HONG KONG (AFP) - Eight prominent Hong Kong democracy activists were charged Thursday (Dec 17) with taking part in an "illegal assembly" on the day after Beijing imposed its broad security law, bolstering an already sweeping crackdown on dissent.
Those charged included veteran activist "Long Hair" Leung Kwok Hung, the former chief of Hong Kong's Democratic Party Wu Chi Wai, former legislator Eddie Chu, and Figo Chan, the organiser of an annual July 1 rally marking the British handover of the city to China in 1997.
Both Chan and Leung chanted slogans inside the court after the charges were read out, an Agence France-Presse reporter said.
Chan shouted "Release all political prisoners" while Leung chanted "Peaceful assembly is not a crime.

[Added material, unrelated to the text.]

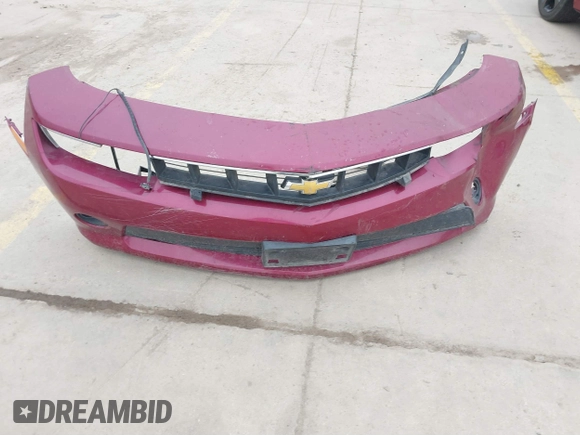 2014 Chevrolet Camaro LT z VIN 2G1FC1E3XE9317459, wystawiony jako IAAI lot #41168805 z przebiegiem 126 298 mil mil oraz . Historia ofert i sprzedaży dostępna na DreamBid. Obrazek 12.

Shame on political persecution."
The group have been hit with various "unlawful assembly" charges - namely organising, inciting or taking part in an illegal gathering.

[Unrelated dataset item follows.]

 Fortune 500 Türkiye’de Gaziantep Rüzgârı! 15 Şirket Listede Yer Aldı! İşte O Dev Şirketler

The charges stem from protests that broke out on July 1 this year - the anniversary of Hong Kong's handover to China.
The date has traditionally witnessed large pro-democracy protests in a city where millions have taken to the streets in recent years.
During months of protests that swept the city in 2019, the legislature was stormed on handover day by crowds, in an unprecedented challenge to Beijing's rule.
The day before this year's handover anniversary, Beijing enacted its draconian national security law, bypassing the legislature and keeping its contents secret until the moment it was imposed.
The law enhanced Beijing's control over the city, outlawed certain political views and deepened the crackdown against democracy supporters.
Tens of thousands defied the law and hit the streets that day in protests that were swiftly broken up by riot police.
Police arrested the eight activists earlier this month, accusing them of being key instigators of that rally.
Beijing says the law was needed to end the political unrest and restore stability.
Critics, including many western nations, say China has shredded its promise to let Hong Kong retain key liberties and autonomy after its return to the mainland.